We tried not to make concessions [...] He came into a mixed ability class and went to all his classes. We didn't demand homework, but he followed the normal school curriculum. We didn't smother him: it was up to him to sink or swim, and he swam.

Thanks to Medlycott, Nolan was accepted into Mount Temple and later was received by Trinity College, Dublin after Medlycott provided a personal recommendation.

==Pop culture==
Nolan's life story and works have been referenced in several musical works. Rock band U2, whose members attended school with Nolan, wrote their song "Miracle Drug" (from How to Dismantle an Atomic Bomb) about him.

Bono said of Nolan:

We all went to the same school and just as we were leaving, a fellow called Christopher Nolan arrived. He had been deprived of oxygen for two hours when he was born, so he was quadriplegic. But his mother believed he could understand what was going on and used to teach him at home. Eventually, they discovered a drug that allowed him to move one muscle in his neck. So they attached this unicorn device to his forehead and he learned to type. And out of him came all these poems that he'd been storing up in his head. Then he put out a collection called Dam-Burst of Dreams, which won a load of awards and he went off to university and became a genius. All because of a mother's love and a medical breakthrough.

On R.E.M.'s 1988 Green album, the song "The Wrong Child" was inspired by Nolan's memoir Under the Eye of the Clock. The song deals with a child who wishes to play with his peers outside but is instead laughed at. Throughout the song, the refrain "I'm not supposed to be like this / But it's okay" is repeated several times.

Nolan was once approached by a Los Angeles film producer who was interested in making his biography into a movie.

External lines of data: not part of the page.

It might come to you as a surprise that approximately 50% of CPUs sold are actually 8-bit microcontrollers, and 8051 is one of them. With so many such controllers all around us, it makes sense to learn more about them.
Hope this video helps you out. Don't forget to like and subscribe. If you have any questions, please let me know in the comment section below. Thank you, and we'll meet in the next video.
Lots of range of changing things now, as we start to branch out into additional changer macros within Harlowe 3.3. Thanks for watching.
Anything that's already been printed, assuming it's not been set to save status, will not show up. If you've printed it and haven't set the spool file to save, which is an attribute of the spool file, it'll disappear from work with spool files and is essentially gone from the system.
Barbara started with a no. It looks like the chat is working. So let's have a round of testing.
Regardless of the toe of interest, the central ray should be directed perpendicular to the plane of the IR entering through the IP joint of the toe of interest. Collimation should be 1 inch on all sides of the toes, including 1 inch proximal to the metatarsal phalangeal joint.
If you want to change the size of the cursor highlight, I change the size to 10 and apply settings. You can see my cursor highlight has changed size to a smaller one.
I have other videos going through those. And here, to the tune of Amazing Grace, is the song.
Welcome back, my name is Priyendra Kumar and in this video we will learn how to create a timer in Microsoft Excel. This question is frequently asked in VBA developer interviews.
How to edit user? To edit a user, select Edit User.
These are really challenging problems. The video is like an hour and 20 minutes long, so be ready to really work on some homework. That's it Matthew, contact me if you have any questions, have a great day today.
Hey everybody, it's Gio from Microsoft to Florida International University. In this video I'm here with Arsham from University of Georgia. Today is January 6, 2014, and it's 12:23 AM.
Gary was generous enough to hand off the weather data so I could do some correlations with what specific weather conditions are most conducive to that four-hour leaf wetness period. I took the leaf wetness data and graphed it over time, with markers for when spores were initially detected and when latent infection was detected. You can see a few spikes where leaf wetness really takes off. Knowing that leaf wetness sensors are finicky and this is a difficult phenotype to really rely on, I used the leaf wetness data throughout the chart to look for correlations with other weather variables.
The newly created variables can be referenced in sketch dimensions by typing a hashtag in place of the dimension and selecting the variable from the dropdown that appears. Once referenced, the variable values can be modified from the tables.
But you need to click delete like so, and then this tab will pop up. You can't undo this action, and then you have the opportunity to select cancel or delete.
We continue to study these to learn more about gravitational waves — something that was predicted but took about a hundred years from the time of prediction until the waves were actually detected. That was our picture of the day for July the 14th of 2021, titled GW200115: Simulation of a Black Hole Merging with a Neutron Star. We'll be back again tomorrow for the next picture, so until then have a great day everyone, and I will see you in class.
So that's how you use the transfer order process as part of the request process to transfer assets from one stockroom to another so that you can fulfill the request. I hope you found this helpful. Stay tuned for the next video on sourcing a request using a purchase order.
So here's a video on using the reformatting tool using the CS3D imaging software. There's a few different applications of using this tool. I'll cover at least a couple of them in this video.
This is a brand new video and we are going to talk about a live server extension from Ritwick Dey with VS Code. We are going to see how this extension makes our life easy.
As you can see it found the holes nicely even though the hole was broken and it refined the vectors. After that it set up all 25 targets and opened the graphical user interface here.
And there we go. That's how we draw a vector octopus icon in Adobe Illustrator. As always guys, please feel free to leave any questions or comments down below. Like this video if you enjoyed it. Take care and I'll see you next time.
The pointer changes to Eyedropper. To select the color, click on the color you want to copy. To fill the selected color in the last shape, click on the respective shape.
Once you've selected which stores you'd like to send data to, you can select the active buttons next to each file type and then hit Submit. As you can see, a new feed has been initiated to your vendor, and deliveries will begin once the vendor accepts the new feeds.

Nolan declined the offer and responded:

I want to highlight the creativity within the brain of a cripple [...] and while not attempting to hide the crippledom I want instead to filter all sob-storied sentiment from his portrait and dwell upon his life, his laughter, his vision, and his nervous normality. Can we ever see eye-to-eye on that schemed scenario?

==Honours==
In 1988 he was made a member of Aosdána.

Every year, his secondary school Mount Temple Comprehensive School holds an award show in his honour. The "Eye of the Clock Awards" are hosted in the last week of school for all students. These awards are given to students for extraordinary efforts in school and are inspired by Nolan's efforts in school.

In 2025, he was posthumously awarded a degree by Trinity College Dublin in recognition of his work.